RECORD EXCERPTS:
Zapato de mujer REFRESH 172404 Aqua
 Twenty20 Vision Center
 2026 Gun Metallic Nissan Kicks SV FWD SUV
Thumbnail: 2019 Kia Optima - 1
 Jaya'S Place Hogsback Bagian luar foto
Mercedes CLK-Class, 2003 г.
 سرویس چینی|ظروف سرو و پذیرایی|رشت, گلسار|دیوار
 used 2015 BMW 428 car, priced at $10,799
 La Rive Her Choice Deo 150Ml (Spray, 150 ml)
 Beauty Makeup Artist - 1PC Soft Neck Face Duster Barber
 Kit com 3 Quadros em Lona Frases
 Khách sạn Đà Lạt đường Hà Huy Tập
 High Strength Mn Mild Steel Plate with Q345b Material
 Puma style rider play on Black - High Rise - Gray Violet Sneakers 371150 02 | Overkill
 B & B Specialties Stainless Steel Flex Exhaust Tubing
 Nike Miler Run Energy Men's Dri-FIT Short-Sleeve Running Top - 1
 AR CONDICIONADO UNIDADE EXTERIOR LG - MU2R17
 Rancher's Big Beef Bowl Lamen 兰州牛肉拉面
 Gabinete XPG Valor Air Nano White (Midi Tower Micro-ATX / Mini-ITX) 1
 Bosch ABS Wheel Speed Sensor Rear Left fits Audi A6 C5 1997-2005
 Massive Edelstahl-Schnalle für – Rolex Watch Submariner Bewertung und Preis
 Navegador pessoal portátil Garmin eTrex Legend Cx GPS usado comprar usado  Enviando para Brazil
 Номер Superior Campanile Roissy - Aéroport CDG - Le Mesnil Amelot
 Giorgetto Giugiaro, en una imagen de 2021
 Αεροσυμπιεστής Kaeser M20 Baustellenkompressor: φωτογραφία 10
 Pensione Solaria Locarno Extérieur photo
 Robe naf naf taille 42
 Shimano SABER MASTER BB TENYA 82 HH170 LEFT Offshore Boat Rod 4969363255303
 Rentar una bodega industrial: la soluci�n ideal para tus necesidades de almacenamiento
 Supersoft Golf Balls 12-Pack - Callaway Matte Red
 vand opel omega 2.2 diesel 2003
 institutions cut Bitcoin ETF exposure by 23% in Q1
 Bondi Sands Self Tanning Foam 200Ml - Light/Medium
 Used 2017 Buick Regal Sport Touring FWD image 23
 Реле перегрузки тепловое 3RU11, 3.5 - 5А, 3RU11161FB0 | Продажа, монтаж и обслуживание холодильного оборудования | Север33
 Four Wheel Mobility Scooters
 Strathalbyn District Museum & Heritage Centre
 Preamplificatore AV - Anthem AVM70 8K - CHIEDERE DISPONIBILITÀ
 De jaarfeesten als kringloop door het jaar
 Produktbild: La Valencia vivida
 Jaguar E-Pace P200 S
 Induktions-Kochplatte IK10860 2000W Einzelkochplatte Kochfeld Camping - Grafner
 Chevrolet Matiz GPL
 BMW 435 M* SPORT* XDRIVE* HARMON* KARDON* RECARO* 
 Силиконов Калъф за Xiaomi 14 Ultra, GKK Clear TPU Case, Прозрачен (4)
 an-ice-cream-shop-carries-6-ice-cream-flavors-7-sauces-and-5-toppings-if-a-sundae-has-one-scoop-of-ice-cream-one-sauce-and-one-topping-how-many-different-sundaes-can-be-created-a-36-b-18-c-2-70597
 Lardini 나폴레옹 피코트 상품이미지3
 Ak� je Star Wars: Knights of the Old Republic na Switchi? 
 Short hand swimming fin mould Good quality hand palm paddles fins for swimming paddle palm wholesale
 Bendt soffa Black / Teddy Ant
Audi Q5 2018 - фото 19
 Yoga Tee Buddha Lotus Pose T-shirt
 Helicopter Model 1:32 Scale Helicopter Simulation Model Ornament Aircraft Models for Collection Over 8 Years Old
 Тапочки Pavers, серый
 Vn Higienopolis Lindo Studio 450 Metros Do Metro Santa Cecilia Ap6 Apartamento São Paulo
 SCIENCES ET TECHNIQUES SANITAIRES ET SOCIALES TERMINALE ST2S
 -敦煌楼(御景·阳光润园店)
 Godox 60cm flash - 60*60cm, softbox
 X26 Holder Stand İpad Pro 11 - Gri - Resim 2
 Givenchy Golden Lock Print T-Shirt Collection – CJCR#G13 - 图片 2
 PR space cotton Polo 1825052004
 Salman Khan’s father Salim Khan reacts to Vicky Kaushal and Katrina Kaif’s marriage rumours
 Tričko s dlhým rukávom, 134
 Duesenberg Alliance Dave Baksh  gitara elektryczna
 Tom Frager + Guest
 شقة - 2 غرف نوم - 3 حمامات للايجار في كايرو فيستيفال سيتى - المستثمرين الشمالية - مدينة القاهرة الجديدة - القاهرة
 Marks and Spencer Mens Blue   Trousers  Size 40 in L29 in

WHAT TO DO:
An exact repetition of the data above is all that is needed.

WRITTEN SOLUTION:
Zapato de mujer REFRESH 172404 Aqua
 Twenty20 Vision Center
 2026 Gun Metallic Nissan Kicks SV FWD SUV
Thumbnail: 2019 Kia Optima - 1
 Jaya'S Place Hogsback Bagian luar foto
Mercedes CLK-Class, 2003 г.
 سرویس چینی|ظروف سرو و پذیرایی|رشت, گلسار|دیوار
 used 2015 BMW 428 car, priced at $10,799
 La Rive Her Choice Deo 150Ml (Spray, 150 ml)
 Beauty Makeup Artist - 1PC Soft Neck Face Duster Barber
 Kit com 3 Quadros em Lona Frases
 Khách sạn Đà Lạt đường Hà Huy Tập
 High Strength Mn Mild Steel Plate with Q345b Material
 Puma style rider play on Black - High Rise - Gray Violet Sneakers 371150 02 | Overkill
 B & B Specialties Stainless Steel Flex Exhaust Tubing
 Nike Miler Run Energy Men's Dri-FIT Short-Sleeve Running Top - 1
 AR CONDICIONADO UNIDADE EXTERIOR LG - MU2R17
 Rancher's Big Beef Bowl Lamen 兰州牛肉拉面
 Gabinete XPG Valor Air Nano White (Midi Tower Micro-ATX / Mini-ITX) 1
 Bosch ABS Wheel Speed Sensor Rear Left fits Audi A6 C5 1997-2005
 Massive Edelstahl-Schnalle für – Rolex Watch Submariner Bewertung und Preis
 Navegador pessoal portátil Garmin eTrex Legend Cx GPS usado comprar usado  Enviando para Brazil
 Номер Superior Campanile Roissy - Aéroport CDG - Le Mesnil Amelot
 Giorgetto Giugiaro, en una imagen de 2021
 Αεροσυμπιεστής Kaeser M20 Baustellenkompressor: φωτογραφία 10
 Pensione Solaria Locarno Extérieur photo
 Robe naf naf taille 42
 Shimano SABER MASTER BB TENYA 82 HH170 LEFT Offshore Boat Rod 4969363255303
 Rentar una bodega industrial: la soluci�n ideal para tus necesidades de almacenamiento
 Supersoft Golf Balls 12-Pack - Callaway Matte Red
 vand opel omega 2.2 diesel 2003
 institutions cut Bitcoin ETF exposure by 23% in Q1
 Bondi Sands Self Tanning Foam 200Ml - Light/Medium
 Used 2017 Buick Regal Sport Touring FWD image 23
 Реле перегрузки тепловое 3RU11, 3.5 - 5А, 3RU11161FB0 | Продажа, монтаж и обслуживание холодильного оборудования | Север33
 Four Wheel Mobility Scooters
 Strathalbyn District Museum & Heritage Centre
 Preamplificatore AV - Anthem AVM70 8K - CHIEDERE DISPONIBILITÀ
 De jaarfeesten als kringloop door het jaar
 Produktbild: La Valencia vivida
 Jaguar E-Pace P200 S
 Induktions-Kochplatte IK10860 2000W Einzelkochplatte Kochfeld Camping - Grafner
 Chevrolet Matiz GPL
 BMW 435 M* SPORT* XDRIVE* HARMON* KARDON* RECARO* 
 Силиконов Калъф за Xiaomi 14 Ultra, GKK Clear TPU Case, Прозрачен (4)
 an-ice-cream-shop-carries-6-ice-cream-flavors-7-sauces-and-5-toppings-if-a-sundae-has-one-scoop-of-ice-cream-one-sauce-and-one-topping-how-many-different-sundaes-can-be-created-a-36-b-18-c-2-70597
 Lardini 나폴레옹 피코트 상품이미지3
 Ak� je Star Wars: Knights of the Old Republic na Switchi? 
 Short hand swimming fin mould Good quality hand palm paddles fins for swimming paddle palm wholesale
 Bendt soffa Black / Teddy Ant
Audi Q5 2018 - фото 19
 Yoga Tee Buddha Lotus Pose T-shirt
 Helicopter Model 1:32 Scale Helicopter Simulation Model Ornament Aircraft Models for Collection Over 8 Years Old
 Тапочки Pavers, серый
 Vn Higienopolis Lindo Studio 450 Metros Do Metro Santa Cecilia Ap6 Apartamento São Paulo
 SCIENCES ET TECHNIQUES SANITAIRES ET SOCIALES TERMINALE ST2S
 -敦煌楼(御景·阳光润园店)
 Godox 60cm flash - 60*60cm, softbox
 X26 Holder Stand İpad Pro 11 - Gri - Resim 2
 Givenchy Golden Lock Print T-Shirt Collection – CJCR#G13 - 图片 2
 PR space cotton Polo 1825052004
 Salman Khan’s father Salim Khan reacts to Vicky Kaushal and Katrina Kaif’s marriage rumours
 Tričko s dlhým rukávom, 134
 Duesenberg Alliance Dave Baksh  gitara elektryczna
 Tom Frager + Guest
 شقة - 2 غرف نوم - 3 حمامات للايجار في كايرو فيستيفال سيتى - المستثمرين الشمالية - مدينة القاهرة الجديدة - القاهرة
 Marks and Spencer Mens Blue   Trousers  Size 40 in L29 in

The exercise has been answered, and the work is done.